The alpha and gamma tocopherol levels in serum are influenced by the dietary fat quality
Alpha tocopherol in serum is thought to be of importance in protecting lipids against oxidation and low serum levels of alpha tocopherol has been suggested to increase the risk for coronary heart disease. However, low levels of gamma, rather than alpha, tocopherol have been found in patients with manifest coronary heart disease and in populations with a high incidence of coronary heart disease.Aim
The aim of this study was to determine the tocopherol concentrations in serum after two diets with identical nutrient content but with different fat quality, enriched in butter and rapeseed oil-based fats, respectively.Method
Twenty moderately hyperlipidemic, healthy subjects (six females and 14 males) participated in this double-blind cross-over study, where two isoenergetic diets were given in a randomized order during two 3-week periods, interrupted by a wash-out period of 3–4 weeks.Results
The lipid-corrected serum concentrations of alpha and gamma tocopherol increased during the diet rich in rapeseed oil (by 7 and 23%, respectively) compared with on the baseline diet (P < 0.001), while these concentrations decreased (by 5 and 37%, respectively, P < 0.01) during the diet rich in saturated fat.
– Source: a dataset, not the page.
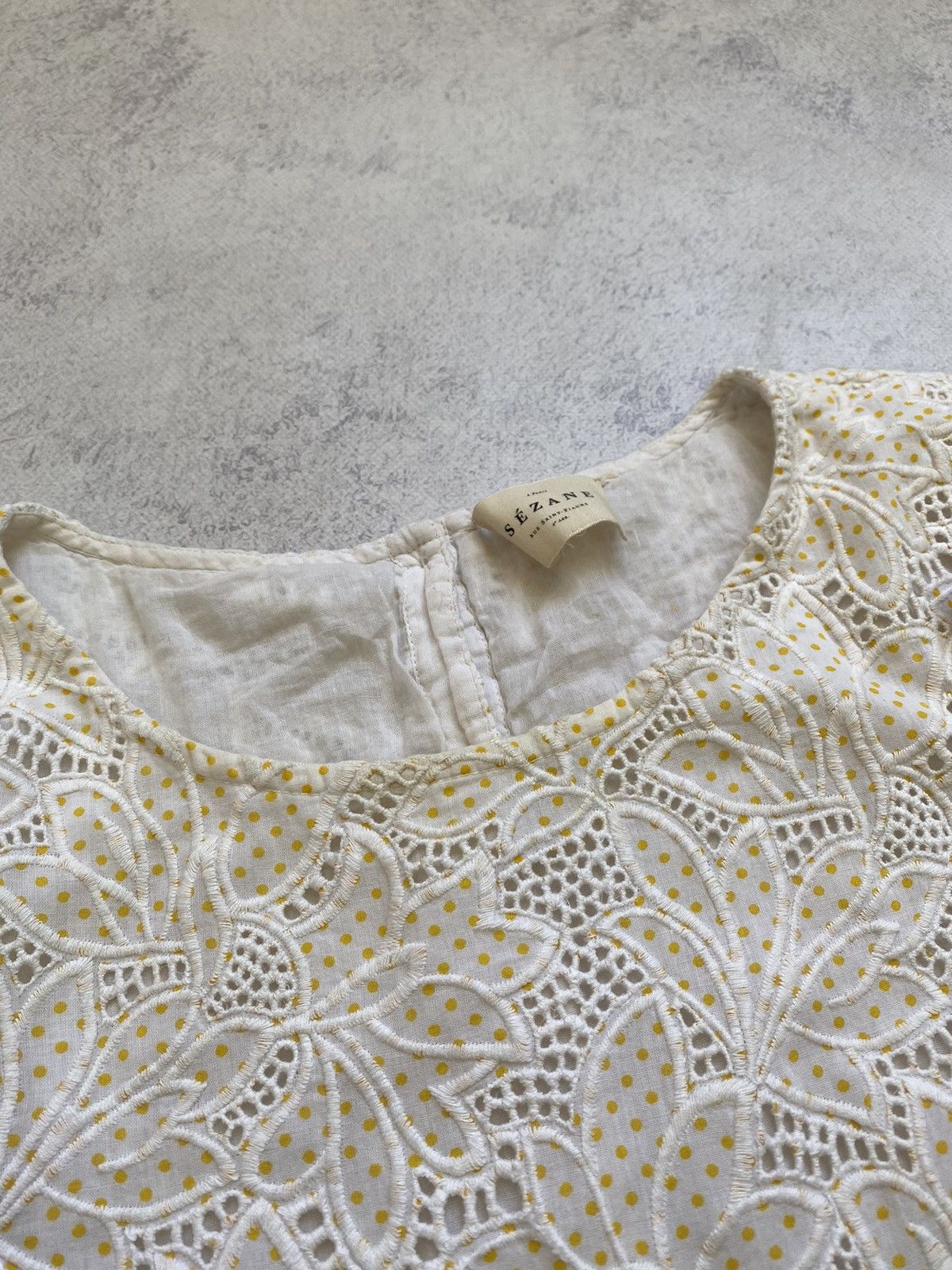 Sezane Sezane Embroidered Floral Ivory Polka Dot Mini Dress Size XS / US 0-2 / IT 36-38 - 10 Thumbnail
The ratio between alpha and gamma tocopherol decreased significantly during the rapeseed oil diet (-23%, P < 0.01) and increased (+46%, P < 0.001) during the butter diet.Conclusion
Alpha and gamma tocopherol levels in serum are influenced by the type of fat used in the diet. The most unexpected finding is that the lipid-adjusted gamma tocopherol concentration significantly decreased by 37% during a diet rich in saturated fat with an increased ratio between alpha and gamma tocopherol, similar to the situation found in CHD patients.